RESEARCH METHODOLOGY
For DTWT!R, four of the original collaborators extended our methodology of non-collaboration by working independently until the day of installing the work in the gallery. Returning to the archival remains of the 1996 performance about desire and voyeurism, each produced a separate new work in their own medium – dance, photography, text and video. Sara worked for two weeks with performers Tom Bailey and Martha King exploring the micro-choreography of exchanged looks and minute gestures she had first developed with Dan and Jane. Photographer Edward Dimsdale took negatives and super-8 footage from his documentation of the 1996 performances and re-printed them in a variety of formats, exploring his current fascination with re-working one photographic technology through the frame of another, re-figuring old with new, photogravure with digital. Video-maker Tony Judge exploded the single perspective of his 1996 multi-camera record by harnessing the potential of hard-drive synchronization to imagine the work’s primal scene from each actor’s point-of-view– the Boy, the Woman, the Man (for documentation, visit: www.bristol.ac.uk/arts/research/performing-documents/workshops/redux/arts/research/performing-documents/dtwt.html). I took the written word and made a limited-edition book musing upon my relation to Dan during the making. He kindly agreed to return and re-enact the informal pose I had captured in my documenting of Edward documenting the show. For two days, Dan read my text to those who entered Muse. For images from DTWT!R, visit: www.flickr.com/photos/81493155@N00/sets/72157640780411225/
In this way, the artist-researchers’ solo works resonated with the “original” process of both making and documenting the 1996 performance, disclosing the incompletenesses inbetween and within media – the middles of middles. Our (non-)collaborative relationship personified these gaps. Furthermore, the artist-researchers’ indirect relation to the archive, thence to all technologies, says something more about the kinds of knowledge performance produces: that at its heart is collaboration as indirectness, a fundamental mood to artists working together, predicated upon no common ground, nor agreed terms, but revealing impossibly from out of unspeakable and non-communicable complementarities what the work can do amongst the wills of its makers.
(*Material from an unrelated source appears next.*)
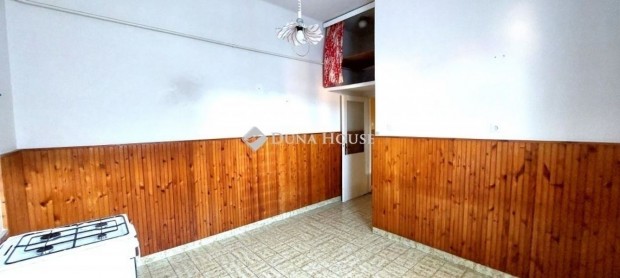 Elad� 71 nm-es lak�s Szombathely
‘[A minor literature is] an expression machine capable of disorganizing its own forms, and disorganizing its forms of contents, in order to liberate pure contents that mix with expressions in a single intense matter.’ (Deleuze & Guattari 1986, 28)
RESEARCH OUTPUTS
What emerges from Do the Wild Thing! Redux as an experiment in non-collaboration was not only four separate works, producing together in the same gallery space a constellation, arranged around their “original” work, each manipulating and responding to its archival material in different ways, whether it was words, photographs, video, or the very person of the performer; but also a new understanding of what each of us does as artist-researchers in putting our selves at stake in the work. It is this journeying between and across the inside and the outside of practices, that are normally bundled up together apparently seamlessly in the performance-event, that forces into the open and then preserves each collaborator’s putting-at-stake, their differing media and differentiating discursivity and expressivity. In Muse, the more I practised the less I theorized, the more I knew the less I practised, and yet somehow without channels they communicated, through my flesh they collaborated.